White paper clarifies MAP quality assurance

Portable gas analysers like Dansensor’s CheckMate 3 are used in MAP quality control.

A new white paper addresses quality assurance aspects of modified atmosphere packaging (MAP) for food processing applications. It is available for free download.

Co-authored by instrumentation specialist Dansensor, a Mocon company, and Campden BRI, the document Modified Atmosphere Packaging Quality Control, aims to provide industry professionals with a good overview of quality control and assurance best practices for MAP. The white paper discusses meat, poultry, dairy, snacks, baked goods, seafood, coffee, ready-to-eat meals and convenience foods which can benefit from extended shelf life.
Modified Atmosphere Packaging (MAP) has come a long way since its origins in the 1930s, when ships transporting fruit maintained high levels of CO2 in their holding rooms, thereby boosting shelf life. In the 70s it reached shops and stores, and since then there has been an ongoing trajectory of innovation with the associated films, layers and gas mixtures.
The paper was a response to the frequent questions Dansensor receives, by those either new to the process or by food processors who are looking to see if they have the right procedures in place. Instead of pointing them to multiple external sources, the company’s Karsten Kejlhof said “We are now able to provide a good road map of what should be considered during the evaluation and decision making process.”
The 11-page document is broken into multiple sections so that the information can be easily referenced and digested.
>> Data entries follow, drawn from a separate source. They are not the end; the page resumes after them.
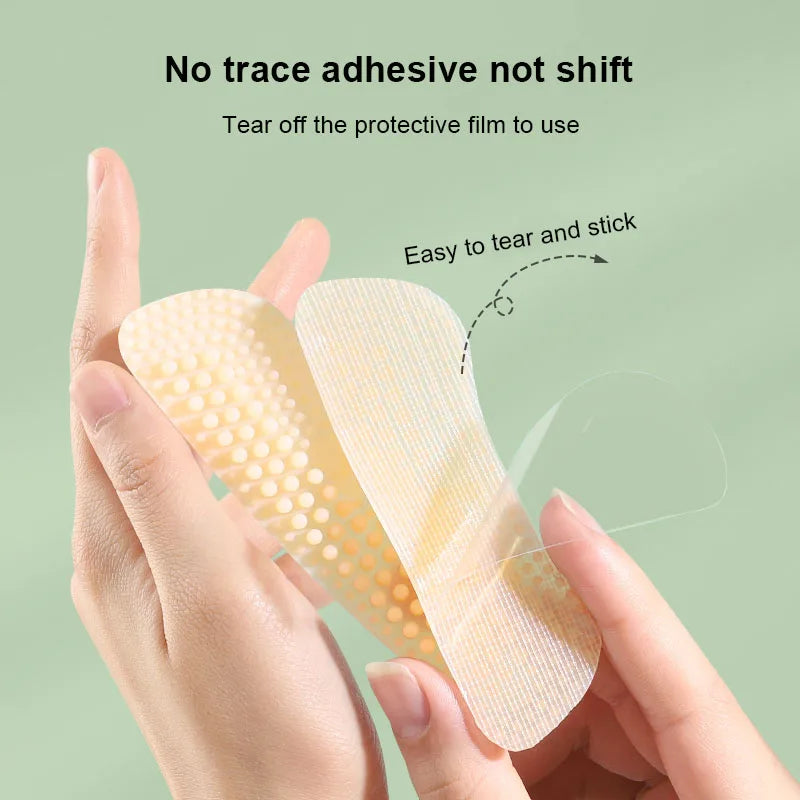 Heel Sticker Heel Protector for Shoes Anti Slip Heel Cushions Non-Slip Heel Inserts Silicone Shoe Backs Foot Care for Women Men
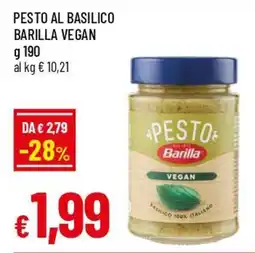 IperFamila Pesto al basilico barilla vegan offerta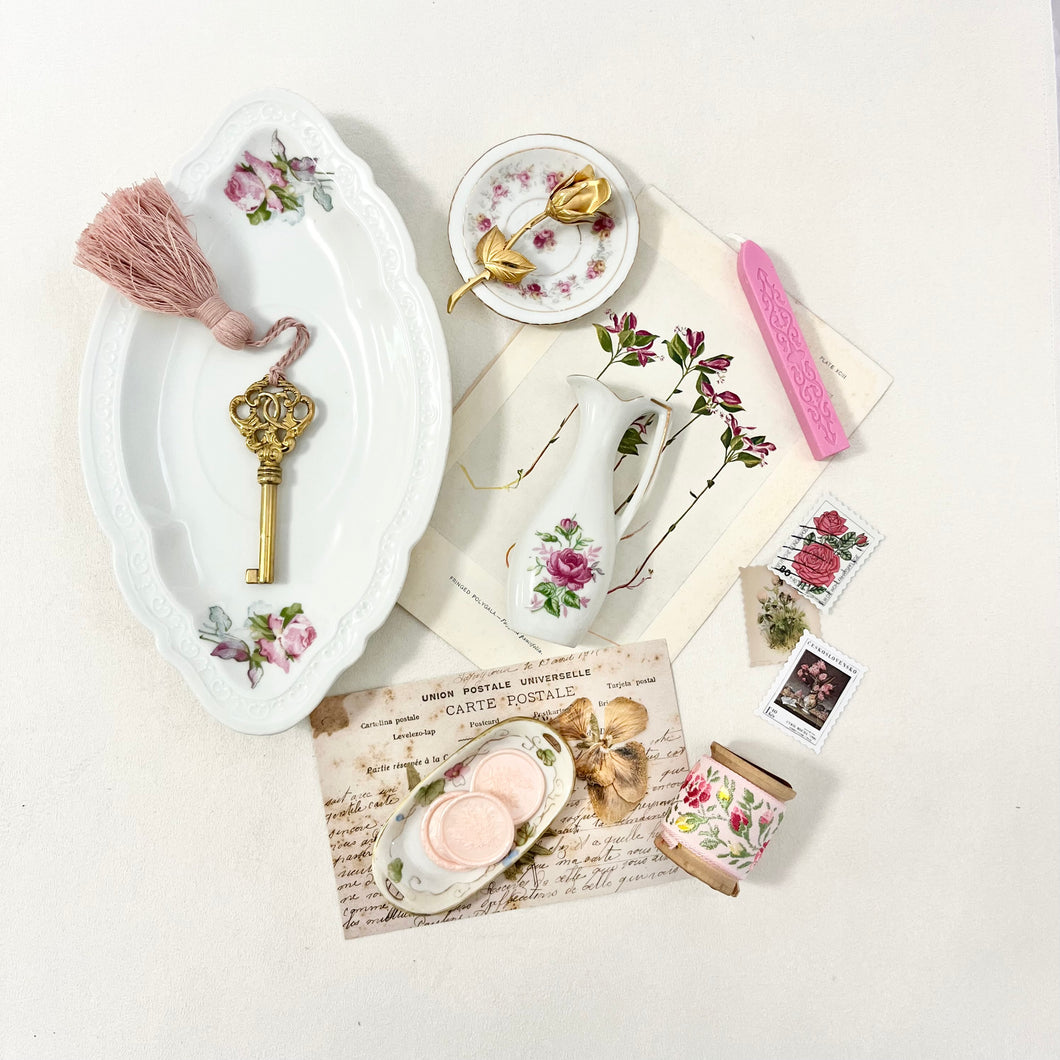 Vintage Rose Themed Styling Kit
These include a definition of MAP, hazard analysis critical control points (HACCP), audits/certifications (IFS, BRC, ISO), traceability and a basic quality assurance/quality control checklist for MAP production.
The white paper drills down into specifics such as test frequency, sample size, packaging speed, on- and off-line testing, regulatory requirements, traceability data and more.
“Our objective was to create a single ‘best practices’ source for MAP. One that not only could be used as a reference source by food processors, but also as a basic educational document for those who may currently taking university-level courses in food processing or packaging,” Kejlhof said.